Homem rico, homem pobre
PAULO BALDAIA
Há muitos anos havia uma série na televisão, no tempo em que a RTP estava sozinha, com o nome que faz título nesta crónica. As virtudes do homem pobre não são, ao contrário do que nos pode parecer, uma coisa salazarenta e portuguesa. É geral, percorre a história e o mundo. Cristo era pobre, Gandhi por opção e Mandela por segregação idem aspas. São exemplos de uma cultura global que exalta a superação das dificuldades e a capacidade de sacrifício. Faz sentido. O que não faz sentido é, por contraponto, julgar um bom salário ou a riqueza acumulada como um pecado.
Olhemos para o nosso caso. Como bem lembrou Paulo Tavares nesta semana, aqui no DN, tanta pobreza que por cá existe não parece incomodar muita gente. É estatística o que nos revela que há dois milhões de portugueses a viver no limiar, mas esse problema não ocupa espaço correspondente nas nossas preocupações. Estamos sempre mais atentos à grande massa que compõe a classe média ou ao 1% dos portugueses que são verdadeiramente ricos. Há ricos por herança que, desde sempre, estão obrigados (imposto sucessório) a dar solidariamente uma pequena parte do que recebem e há os outros, aqueles que se esforçaram, se tornaram valiosos e, por isso, recebem salários correspondentes e pagam impostos correspondentes. São estes últimos os que geram mais incompreensão e mais inveja.

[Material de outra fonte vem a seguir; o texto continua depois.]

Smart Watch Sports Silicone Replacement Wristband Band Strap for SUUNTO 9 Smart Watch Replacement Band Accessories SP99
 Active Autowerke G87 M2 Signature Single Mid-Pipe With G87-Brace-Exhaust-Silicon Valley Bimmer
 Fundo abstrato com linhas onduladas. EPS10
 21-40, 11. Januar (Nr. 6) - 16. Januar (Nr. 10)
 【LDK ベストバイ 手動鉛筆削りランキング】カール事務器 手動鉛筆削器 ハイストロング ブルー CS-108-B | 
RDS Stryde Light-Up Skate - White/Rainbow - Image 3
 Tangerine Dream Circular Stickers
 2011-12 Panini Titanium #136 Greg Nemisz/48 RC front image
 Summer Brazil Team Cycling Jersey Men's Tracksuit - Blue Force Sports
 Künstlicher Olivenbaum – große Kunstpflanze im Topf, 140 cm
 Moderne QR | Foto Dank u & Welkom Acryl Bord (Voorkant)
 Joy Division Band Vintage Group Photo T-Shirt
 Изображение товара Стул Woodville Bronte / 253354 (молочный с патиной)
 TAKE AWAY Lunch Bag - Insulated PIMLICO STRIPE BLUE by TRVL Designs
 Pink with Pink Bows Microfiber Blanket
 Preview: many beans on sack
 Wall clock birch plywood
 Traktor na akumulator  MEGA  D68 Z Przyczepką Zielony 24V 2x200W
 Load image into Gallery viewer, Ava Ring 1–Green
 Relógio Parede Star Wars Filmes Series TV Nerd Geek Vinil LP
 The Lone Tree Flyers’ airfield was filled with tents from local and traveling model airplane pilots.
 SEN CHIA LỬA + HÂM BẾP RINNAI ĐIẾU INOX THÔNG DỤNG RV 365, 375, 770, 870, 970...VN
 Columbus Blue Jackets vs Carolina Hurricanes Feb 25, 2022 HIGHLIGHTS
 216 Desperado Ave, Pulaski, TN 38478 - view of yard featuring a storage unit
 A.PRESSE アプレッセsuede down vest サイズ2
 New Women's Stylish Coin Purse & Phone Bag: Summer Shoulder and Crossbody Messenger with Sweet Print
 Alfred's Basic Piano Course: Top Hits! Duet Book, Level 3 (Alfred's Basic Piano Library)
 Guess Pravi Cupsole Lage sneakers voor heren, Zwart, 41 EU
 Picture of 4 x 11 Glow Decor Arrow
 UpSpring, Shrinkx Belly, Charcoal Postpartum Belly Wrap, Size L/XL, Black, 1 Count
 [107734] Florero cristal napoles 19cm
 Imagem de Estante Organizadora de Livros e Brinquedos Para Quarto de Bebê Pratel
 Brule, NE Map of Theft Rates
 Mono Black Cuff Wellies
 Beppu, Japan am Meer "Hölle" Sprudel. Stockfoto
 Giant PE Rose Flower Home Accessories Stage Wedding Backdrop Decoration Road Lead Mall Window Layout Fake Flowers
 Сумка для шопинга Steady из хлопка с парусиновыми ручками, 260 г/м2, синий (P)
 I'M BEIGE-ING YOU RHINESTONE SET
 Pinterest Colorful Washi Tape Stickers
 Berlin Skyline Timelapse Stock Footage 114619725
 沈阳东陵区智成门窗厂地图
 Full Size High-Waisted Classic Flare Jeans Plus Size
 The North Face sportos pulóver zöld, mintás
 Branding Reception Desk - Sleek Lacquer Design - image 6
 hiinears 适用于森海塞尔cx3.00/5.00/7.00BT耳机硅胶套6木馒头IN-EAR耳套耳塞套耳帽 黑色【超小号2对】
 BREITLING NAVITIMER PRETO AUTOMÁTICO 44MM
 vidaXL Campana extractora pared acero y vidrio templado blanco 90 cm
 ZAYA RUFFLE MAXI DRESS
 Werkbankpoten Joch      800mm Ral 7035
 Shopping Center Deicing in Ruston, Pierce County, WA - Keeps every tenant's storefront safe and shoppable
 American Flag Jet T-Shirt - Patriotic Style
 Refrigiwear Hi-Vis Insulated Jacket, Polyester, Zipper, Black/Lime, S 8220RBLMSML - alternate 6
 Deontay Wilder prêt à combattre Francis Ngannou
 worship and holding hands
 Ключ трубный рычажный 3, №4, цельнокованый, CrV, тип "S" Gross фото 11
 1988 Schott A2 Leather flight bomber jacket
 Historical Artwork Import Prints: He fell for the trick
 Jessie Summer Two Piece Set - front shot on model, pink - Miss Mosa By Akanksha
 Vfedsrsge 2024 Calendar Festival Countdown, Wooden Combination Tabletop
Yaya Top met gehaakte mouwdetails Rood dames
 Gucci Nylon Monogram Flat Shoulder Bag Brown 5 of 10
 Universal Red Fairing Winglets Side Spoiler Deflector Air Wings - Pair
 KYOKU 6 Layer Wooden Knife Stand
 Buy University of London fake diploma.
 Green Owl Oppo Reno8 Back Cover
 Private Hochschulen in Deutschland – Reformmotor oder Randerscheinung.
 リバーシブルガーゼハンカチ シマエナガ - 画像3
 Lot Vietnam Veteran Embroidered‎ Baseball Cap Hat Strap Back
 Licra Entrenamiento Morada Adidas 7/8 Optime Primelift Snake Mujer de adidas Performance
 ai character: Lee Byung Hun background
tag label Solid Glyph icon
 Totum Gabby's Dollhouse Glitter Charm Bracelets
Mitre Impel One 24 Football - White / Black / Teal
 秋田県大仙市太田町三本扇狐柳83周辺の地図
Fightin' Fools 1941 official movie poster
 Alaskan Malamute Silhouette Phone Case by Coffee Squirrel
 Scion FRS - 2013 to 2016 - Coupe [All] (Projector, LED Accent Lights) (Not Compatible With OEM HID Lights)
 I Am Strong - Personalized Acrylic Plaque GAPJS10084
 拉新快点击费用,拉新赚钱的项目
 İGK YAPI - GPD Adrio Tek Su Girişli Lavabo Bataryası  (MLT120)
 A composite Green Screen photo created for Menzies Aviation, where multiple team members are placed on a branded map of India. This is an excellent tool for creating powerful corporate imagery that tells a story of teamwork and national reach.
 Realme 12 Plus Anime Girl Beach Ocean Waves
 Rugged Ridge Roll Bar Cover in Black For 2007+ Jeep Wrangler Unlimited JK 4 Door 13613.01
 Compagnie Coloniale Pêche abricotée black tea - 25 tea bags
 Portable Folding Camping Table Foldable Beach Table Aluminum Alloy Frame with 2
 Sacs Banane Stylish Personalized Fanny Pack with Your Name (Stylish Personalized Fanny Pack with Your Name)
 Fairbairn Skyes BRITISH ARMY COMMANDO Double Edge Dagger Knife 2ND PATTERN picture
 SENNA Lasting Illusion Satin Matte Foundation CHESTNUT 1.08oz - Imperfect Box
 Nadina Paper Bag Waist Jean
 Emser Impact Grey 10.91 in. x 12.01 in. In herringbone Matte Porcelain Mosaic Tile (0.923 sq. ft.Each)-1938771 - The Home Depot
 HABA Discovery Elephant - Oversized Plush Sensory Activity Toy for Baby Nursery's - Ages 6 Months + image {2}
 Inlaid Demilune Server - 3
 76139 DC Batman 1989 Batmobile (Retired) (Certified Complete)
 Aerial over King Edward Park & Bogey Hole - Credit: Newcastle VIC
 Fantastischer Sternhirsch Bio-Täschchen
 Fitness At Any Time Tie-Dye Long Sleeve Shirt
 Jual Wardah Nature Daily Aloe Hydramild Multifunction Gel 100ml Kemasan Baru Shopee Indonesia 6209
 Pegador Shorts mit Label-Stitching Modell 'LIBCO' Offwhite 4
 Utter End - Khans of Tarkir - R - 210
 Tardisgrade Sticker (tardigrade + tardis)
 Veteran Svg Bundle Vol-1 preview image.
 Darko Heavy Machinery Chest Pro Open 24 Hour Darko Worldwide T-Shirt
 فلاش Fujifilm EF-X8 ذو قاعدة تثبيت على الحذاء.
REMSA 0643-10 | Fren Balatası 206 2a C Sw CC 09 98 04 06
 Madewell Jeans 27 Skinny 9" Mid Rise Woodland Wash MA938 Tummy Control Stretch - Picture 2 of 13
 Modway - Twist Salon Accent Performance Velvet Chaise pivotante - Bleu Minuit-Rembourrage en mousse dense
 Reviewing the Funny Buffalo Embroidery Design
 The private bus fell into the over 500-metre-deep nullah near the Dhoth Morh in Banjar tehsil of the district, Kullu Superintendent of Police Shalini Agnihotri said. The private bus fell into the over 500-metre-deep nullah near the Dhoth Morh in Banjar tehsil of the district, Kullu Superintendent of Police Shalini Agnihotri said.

A classe média está sempre mais preocupada com os que se tornam ricos pelo salário do que com os pobres que eternizam a sua vida de pobres, passando essa “virtude” de geração para geração. Pessoas a ganhar bons salários, mais ainda se for no sector público, são uns grandes malandros. É por isso que faz pouco sentido perder tanto tempo a discutir o salário de António Domingues na Caixa Geral de Depósitos (CGD).
É claro que é fácil resumir esta questão ao facto de estarmos a falar de dinheiro público quando discutimos os salários da CGD. Vamos por aí. Se a questão é o facto de ser o nosso dinheiro a pagar aqueles salários milionários, vamos fazer contas simples e com números redondos. Se António Domingues for muito bom vai receber, com salário e prémios, cerca de 500 mil euros brutos por ano. É bom lembrar, ainda assim, que para casa não leva sequer metade. É muito dinheiro, pago por todos nós? É! Acontece que antes dele estiveram lá muitos outros a ganhar bem menos. E a conta está aí para pagar. São quatro mil milhões de euros para recapitalizar o banco público. Se não tivermos de lá pôr mais nenhum, dava para pagar o salário dele durante oito mil anos. Demagogia com demagogia se paga.